#### Information:

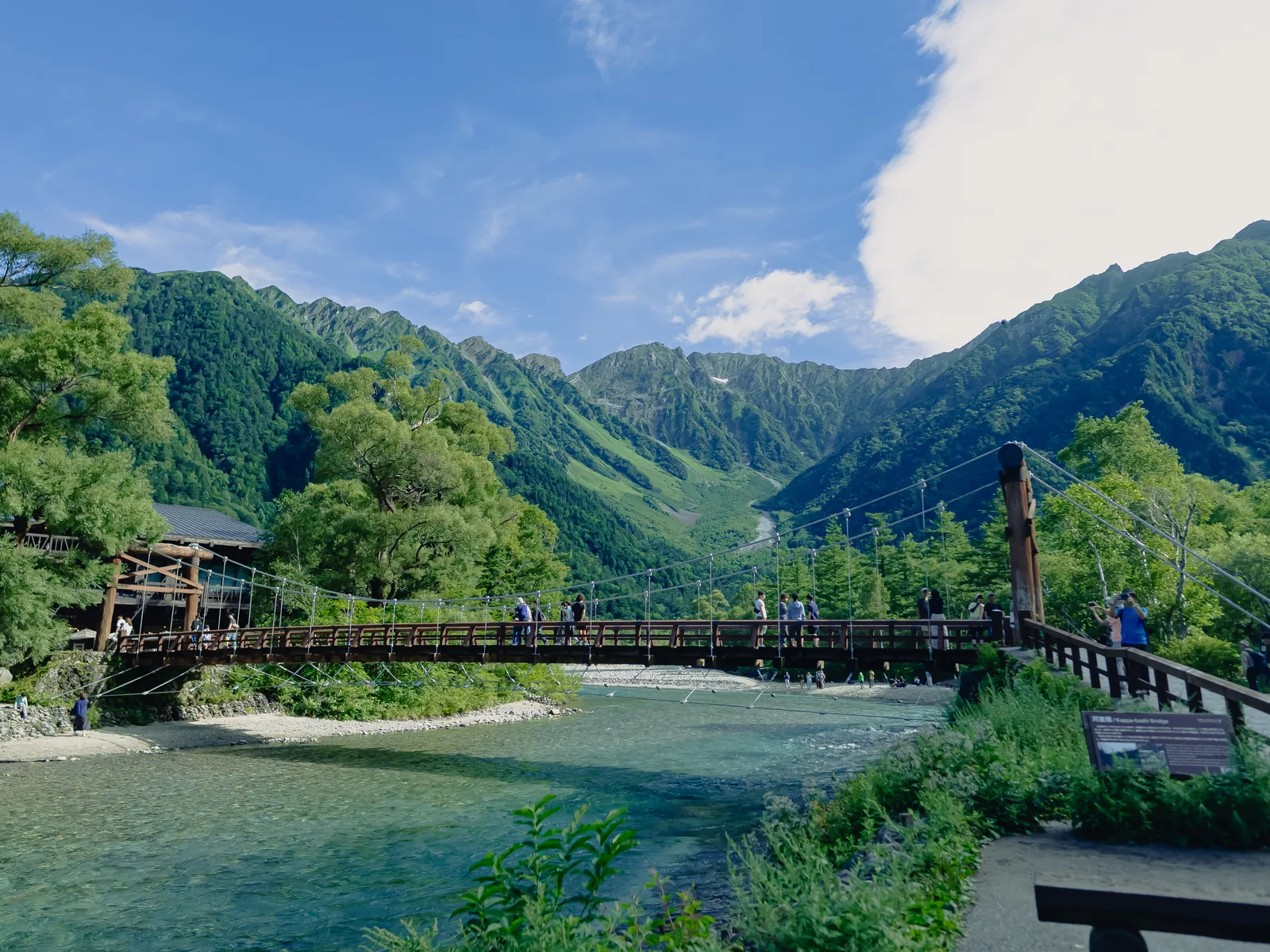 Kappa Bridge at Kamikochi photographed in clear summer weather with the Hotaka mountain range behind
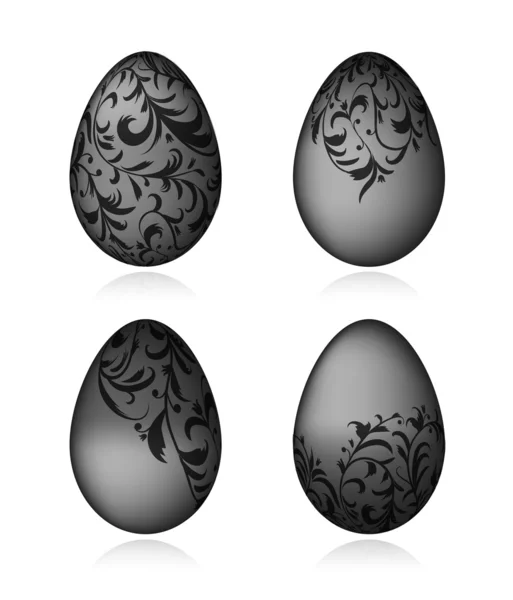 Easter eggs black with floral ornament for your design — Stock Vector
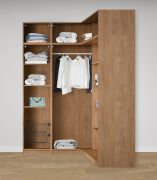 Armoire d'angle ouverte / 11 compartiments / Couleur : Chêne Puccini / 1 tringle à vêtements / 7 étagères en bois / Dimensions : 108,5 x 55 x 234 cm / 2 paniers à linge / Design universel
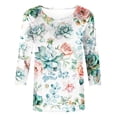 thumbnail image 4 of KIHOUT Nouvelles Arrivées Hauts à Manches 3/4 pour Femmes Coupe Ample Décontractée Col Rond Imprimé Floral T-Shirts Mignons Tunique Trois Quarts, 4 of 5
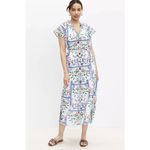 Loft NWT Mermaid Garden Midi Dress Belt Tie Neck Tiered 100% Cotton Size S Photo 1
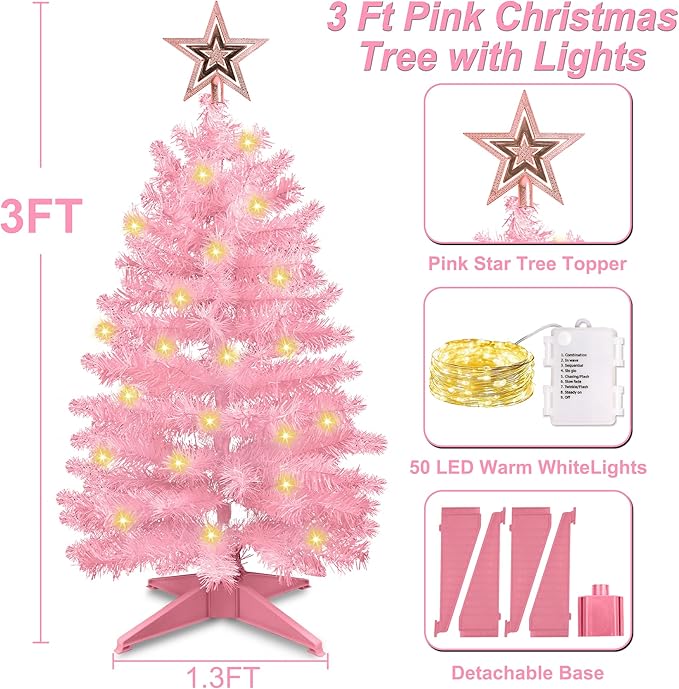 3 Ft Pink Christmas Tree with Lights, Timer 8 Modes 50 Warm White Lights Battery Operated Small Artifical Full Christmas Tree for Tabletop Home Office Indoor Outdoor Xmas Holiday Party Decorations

#### Assignment:
Repeat every line above precisely; pictures do not belong in the copy.

#### Answer space:
 Kappa Bridge at Kamikochi photographed in clear summer weather with the Hotaka mountain range behind
 Easter eggs black with floral ornament for your design — Stock Vector
 Armoire d'angle ouverte / 11 compartiments / Couleur : Chêne Puccini / 1 tringle à vêtements / 7 étagères en bois / Dimensions : 108,5 x 55 x 234 cm / 2 paniers à linge / Design universel
 thumbnail image 4 of KIHOUT Nouvelles Arrivées Hauts à Manches 3/4 pour Femmes Coupe Ample Décontractée Col Rond Imprimé Floral T-Shirts Mignons Tunique Trois Quarts, 4 of 5
 Loft NWT Mermaid Garden Midi Dress Belt Tie Neck Tiered 100% Cotton Size S Photo 1
 3 Ft Pink Christmas Tree with Lights, Timer 8 Modes 50 Warm White Lights Battery Operated Small Artifical Full Christmas Tree for Tabletop Home Office Indoor Outdoor Xmas Holiday Party Decorations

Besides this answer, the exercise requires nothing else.